C'est pourquoi, j'en suis absolument sûr, Gide pouvait écrire le plus sérieusement du monde après la mort de Madeleine qu'il ne lui semblait pas avoir été infidèle en cherchant ailleurs les plaisirs de la chair qu'il ne savait pas comment lui demander à elle. Vous ne pouvez pas donner votre cœur à qui que ce soit d'autre — cela serait être infidèle et, quand Gide l'a fait, il en est résulté une catastrophe — mais un orgasme une fois de temps en temps avec un étranger ne prive votre hyperprésence de rien du tout, cela ne vaut même pas la peine d'en parler. C'est là le sens de « hyper ». Une hyperprésence est au-dessus de ce genre de chose. Je le sais parce que, plus préoccupé, comme Gide, de ma bonté que de ma vertu, j'en ai une dans ma vie depuis près de trente ans. Dans mon cas, c'est un homme, pas une femme, nous nous sommes rencontrés un siècle après Gide et Madeleine, et tout est beaucoup plus clair. Une hyperprésence n'est pas l'objet de votre amour. C'est, à la lettre, l'air que vous respirez. »
Au cours de son adolescence, il me semble qu'André a vu dans sa cousine Madeleine son salut. Quand nous commençons à ressentir ce genre de chose, nous nous disons à nous-même : voilà l'être qui sera le gardien de tout ce qu'il y a de bon en moi, quoi que je puisse faire. Le seul et l'unique, je le sais. Et cela ne le rend pas beau uniquement à nos yeux, il devient l'essence même de la beauté, que ce soit en musique ou en peinture. Sans cet être-là, sans savoir qu'il ou elle sera toujours présent, véritable pierre de touche de ce que nous sommes réellement, nous risquons d'oublier sans cesse qui nous sommes, nous risquons de nous désintégrer, de ne plus exister. Il n'est pas question de nous changer mais de nous ancrer. Gide utilisait ce terme à propos de Madeleine : il disait qu'elle était « ancrée » à Cuverville. Et en retour, nous donnerons à cette personne toute la joie possible, autant que faire se peut. En un mot, il s'agira d'une « hyperprésence » (comme l'a écrit le critique Pierre Masson à propos de Madeleine). Quelqu'un qui nous restera fidèle alors que nous partirons à l'aventure à travers le monde, et sera un réconfort quand nous rentrerons à la maison. Je comprends parfaitement qu'après avoir desserré en Afrique du Nord le carcan de ses idées d'adolescent sur ce qu'est le bien, il soit revenu précipitamment chez lui pour se marier avec Madeleine — et pas simplement se marier, mais se marier avec Madeleine, l'incarnation de ce qu'il y avait de bon en lui et qui était en train de disparaître. Seulement voilà, elle était une femme, et pas une hyperréalité éthérée. Il l'a blessée en l'abandonnant sans arrêt pour partir à l'aventure et en écrivant ensuite le récit de ses dépravations que tout le monde pouvait lire. Et elle l'a blessé en faisant de Cuverville une espèce de triste couvent. Si bien que le mariage, comme sa bonté à lui, sont partis à vau-l'eau. Mais je comprends ce qui l'a poussé à cette union.

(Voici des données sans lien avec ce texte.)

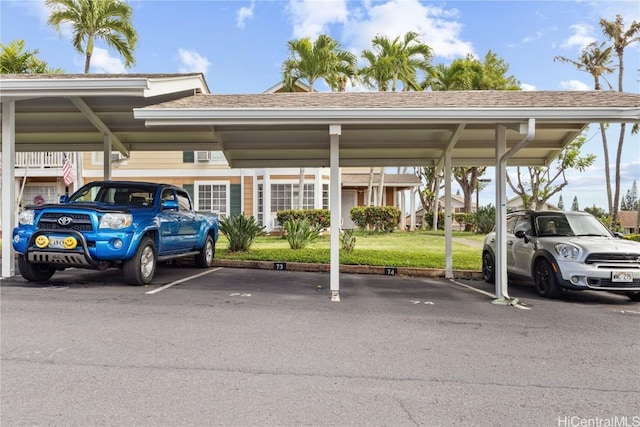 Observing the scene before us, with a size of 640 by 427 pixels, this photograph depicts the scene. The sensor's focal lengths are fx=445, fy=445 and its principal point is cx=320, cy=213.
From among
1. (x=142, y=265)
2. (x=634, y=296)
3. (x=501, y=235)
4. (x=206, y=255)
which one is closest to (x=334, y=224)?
(x=501, y=235)

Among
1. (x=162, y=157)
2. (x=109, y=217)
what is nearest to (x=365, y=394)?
(x=109, y=217)

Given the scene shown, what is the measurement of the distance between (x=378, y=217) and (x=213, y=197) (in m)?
8.86

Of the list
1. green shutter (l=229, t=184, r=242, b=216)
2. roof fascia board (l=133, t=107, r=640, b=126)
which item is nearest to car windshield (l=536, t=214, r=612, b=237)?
roof fascia board (l=133, t=107, r=640, b=126)

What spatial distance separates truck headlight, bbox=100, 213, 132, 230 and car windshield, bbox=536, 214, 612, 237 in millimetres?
7647

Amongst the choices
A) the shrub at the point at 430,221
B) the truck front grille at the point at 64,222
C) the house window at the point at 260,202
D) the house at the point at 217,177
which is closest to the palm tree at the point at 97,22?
the house at the point at 217,177

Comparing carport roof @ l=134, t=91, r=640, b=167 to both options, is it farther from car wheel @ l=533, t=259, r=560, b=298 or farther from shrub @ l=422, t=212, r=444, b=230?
shrub @ l=422, t=212, r=444, b=230

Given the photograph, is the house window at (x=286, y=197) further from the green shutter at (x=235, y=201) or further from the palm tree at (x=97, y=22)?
the palm tree at (x=97, y=22)

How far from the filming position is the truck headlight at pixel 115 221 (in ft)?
24.4

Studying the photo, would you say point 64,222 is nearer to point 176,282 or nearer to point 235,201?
point 176,282

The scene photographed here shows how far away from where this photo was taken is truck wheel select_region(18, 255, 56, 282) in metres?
7.88

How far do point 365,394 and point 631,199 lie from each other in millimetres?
123697

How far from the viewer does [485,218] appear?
23.1 meters

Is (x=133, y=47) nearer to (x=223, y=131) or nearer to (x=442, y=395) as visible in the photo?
(x=223, y=131)

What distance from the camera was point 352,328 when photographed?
5445 millimetres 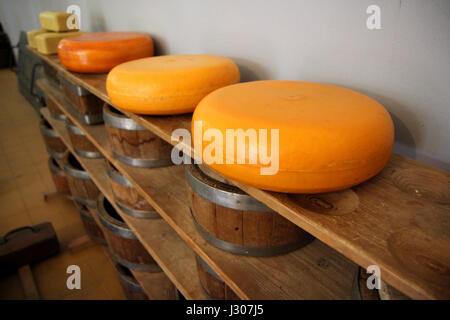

Bien sûr, ce n'est pas ce genre de compagnonnage — même avec une touche de sentiment — qu'un mariage est censé être. Il ne s'agit évidemment pas de la sorte d'amour dont on parle dans les romans ou dans les films. Ce n'est pas ce qu'Antoine a éprouvé pour Cléopâtre, en tout cas dans la version de Shakespeare, ni ce que Vronski (et même ce vieux croûton de Karénine) a ressenti pour Anna Karénine, ou Rhett Butler pour Scarlett O'Hara, ou tous ces gamins fougueux pour leurs jolies petites copines dans les soap opéras qu'on voit à la télévision. Les hyperprésences ne sont pas vraiment de ce monde, trop dépourvues de sens dramatique pour qu'on en tire des romans, elles n'ont pas de point culminant, on n'a pas envie d'en parler. D'une certaine manière, elles n'existent que par leur refus de faire partie du quotidien. Il est certain qu'aujourd'hui aucun jeune homme ne se soucierait d'un mariage de ce genre. Cela n'intéresse pas les autorités, quant aux familles, elles s'attendent qu'un mariage produise des enfants. Il y a quelque chose de presque enfantin dans ce genre d'histoire, de pas très masculin, comme si André Gide et ses semblables (y compris plusieurs de ses personnages) voulaient rester des gamins à jamais et passer le reste de leur vie à jouer à des jeux très excitants avec d'autres gamins. Cela rappelle tous ces jeunes gens — de fantomatiques grands-oncles, au dernier rang sur de vieilles photos de famille — qui avaient autrefois fait la cour à leur fiancée pendant des années, avant de finalement mourir (tragiquement le plus souvent) au cours d'intrépides actions accomplies très, très loin, généralement en compagnie d'autres jeunes comme eux. Les guerres et les colonies se révélaient en cela fort utiles.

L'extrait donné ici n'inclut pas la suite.